District Superintendent Dr. Robert Bohn testified at the initial hearing that he, Assistant Superintendent David Runk, and Director of Buildings and Grounds Herman Frank confronted Wagner the day following Wagner's arrest. Dr. Bohn testified that Wagner freely admitted the allegations were true and that Osborne had helped finance the purchase of marijuana. When pressed if other employees or students were involved Wagner refused to say, but wrote an answer on a piece of paper for his supervisors to read after he exited the meeting. Dr. Bohn testified that Appellant's name appeared on that slip of paper. 1

After the meeting with Wagner, Dr. Bohn, Runk and Frank confronted Osborne with the affidavit containing his name and Wagner's confirmation of Osborne's involvement. According to Dr. Bohn's testimony at the termination hearing, Osborne confessed that he had given Wagner $750, $400 of it his own, to purchase one half-pound of marijuana. Osborne admitted to similar dealings with Wagner at a local car wash and that Osborne used marijuana in his own home on weekends. Osborne also implicated Appellant as a past purchaser from Wagner and said that he had once seen Appellant at Wagner's home.

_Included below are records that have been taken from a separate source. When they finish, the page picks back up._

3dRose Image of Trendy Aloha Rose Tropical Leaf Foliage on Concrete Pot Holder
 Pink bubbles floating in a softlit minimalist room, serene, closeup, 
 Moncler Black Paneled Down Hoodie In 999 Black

Following Wagner's and Osborne's interviews with Dr. Bohn, Runk and Frank, Appellant also met with the administrators. Dr. Bohn informed Appellant of what transpired in his meetings with Wagner and Osborne. Dr. Bohn advised Appellant that the meeting was not a disciplinary hearing, but he thought it necessary to tell Appellant what he had heard "because of its implications and potential discipline." (R.R. at 164.) He told Appellant that he need not respond, but said nothing of the consequences if Appellant failed to do so. Appellant did not respond, and Dr. Bohn advised him that he would continue to investigate the matter.

The following day, according to Dr. Bohn's testimony, Appellant attended a second meeting accompanied by a union representative. Dr. Bohn did not recount what was said or done at this meeting. Rather, he explained that he entered the meeting hoping Appellant had decided overnight to speak to the allegations but, again, Appellant neither admitted nor denied his involvement. The District notified Appellant of his suspension by a letter dated the day after this second meeting. Following the suspension, Appellant filed a grievance and a hearing was held. Dr. Bohn's testimony provides no details of the grievance hearing, other than the fact that Appellant offered no admission or denial.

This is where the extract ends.